As you can see, in v2 they added an authentication process and in order to create and edit pages, you have to login first.

I tried to play around on the login page (http://xxxx/yyyyy/login) and noticed that the username is vulnerable to SQL injection.

So we will use SQL injection here and I had to decide whether to do it the manual way or the automated way (SQLMAP).

After seeing the third hint, which caught my eyes, I decided to do it the manual way.

Third hint

The hint try to tell us that sometimes, we don't have to know the password in order to log in, of course, we can Brute-Force our way around and find the credentials (which we will do later on this session), but we can do something that's called “Login Bypass”.

By modifying the username & password as the following, we will bypass the login successfully:

username=admin’ UNION SELECT ‘PlayerX’ AS password FROM admins WHERE ‘1’ = ‘1

password=PlayerX

Using these “credentials”, the query that the server will run will be:

SELECT password FROM admins WHERE username='admin' UNION SELECT 'PlayerX' AS password

Trying this in Burp, I got 200 OK and I noticed that I was managed to successfully log in.

200 OK — I'm logged in now

After logging in successfully I noticed that now I have access to a private page, which I didn't have access to before I logged in.

New and private page

Going to this page, I got the first flag! (In the third flag we will see another method to get this flag).

FLAG1

So let's assume that we want to edit a page as we did in v1.

We already know that in order to perform such action we have to first authenticate ourselves, so say we weren't familiar with the method described in flag0 and we didn't find credentials in order to log in, this means we will never be able to edit a page, right?

Obama saying: “YES, WE CAN”.

If one method didn't have any luck, let's try another method in order to be able to edit a page without being authenticated, or in other words, lets “Bypass Authentication”.

Actually, it is really simple, we can use various ways, one of them is Curl.

By sending a POST request to the edit page in the web server using curl, I was able to bypass the authentication and get 200 OK instead of “301 Redirection” to the login page, and there is our flag!

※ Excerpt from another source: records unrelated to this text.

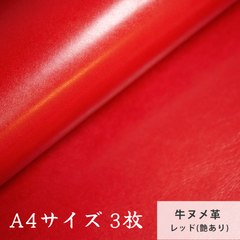 【A4サイズ3枚】国産ヌメ革（たつのレザー） レッド（艶あり）　タンニン鞣し　ハギレ　赤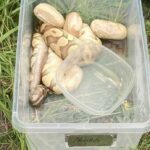 $5,000 Reward For Info Leading To Arrest And Conviction of Person Who Abandoned Ball Python Snakes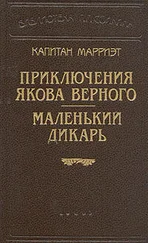 Фредерик Марриет - Маленький дикарь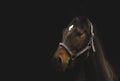 Race horse on black background, Lithuania Royalty Free Stock Photo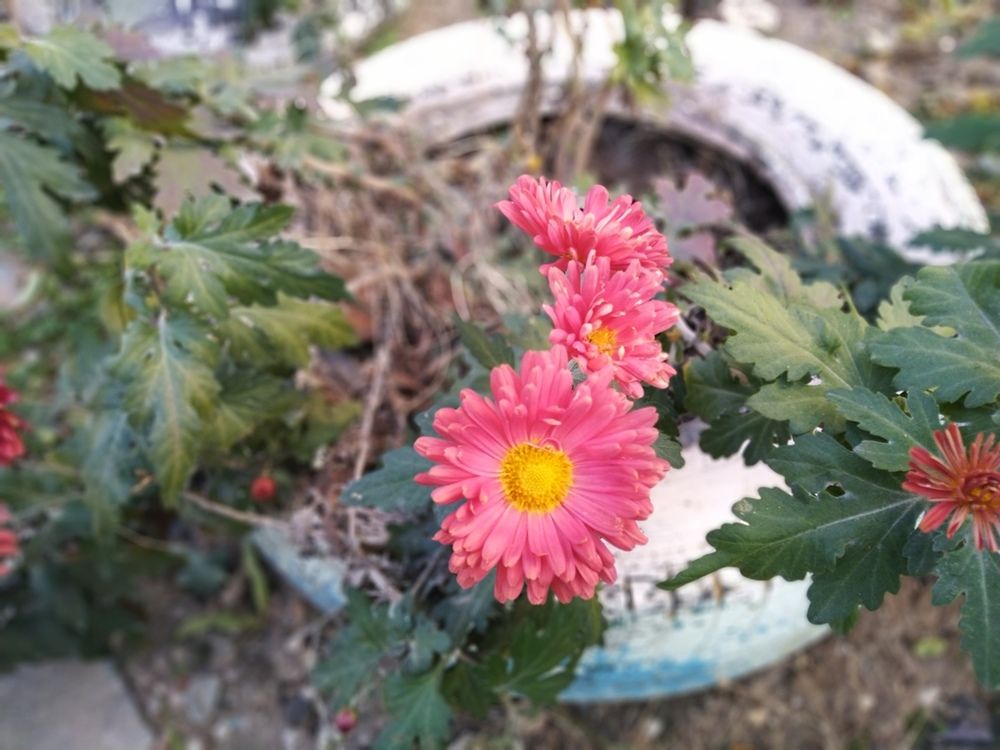 Фотография автора Анатолий Дячина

Bypassing authentication and getting the second flag

FLAG2

Looking at the hint for this stage, we can assume that now we need to find the actual admin’s credentials in order to get our flag.

Hint for the last flag

So if we used the manual way in flag0, here I chose to use the automated way using our beloved SQLMAP.

PoC:

  1. By using Burp, catch a POST request to the login page using any credentials.
  2. Copy the content of the request to a text file and give it a name.
  3. The text file with the POST request suppose to look something like this:
text file with the POST request to the login page

4. Using SQLMAP: sudo sqlmap -r sqltest.txt — dump

5. Getting the admin’s credentials from the Database ‘level2’, Table ‘admins’:

Admin’s credentials

Using these credentials to login and we got the last flag! Whoa!

P.S — As I mentioned before, we can get the first flag using this method as well. SQLMAP revealed to us the content of the ‘admins’ table, but it also revealed the content of the ‘pages’ table which includes the id, title and body of every page in the database, including the private page.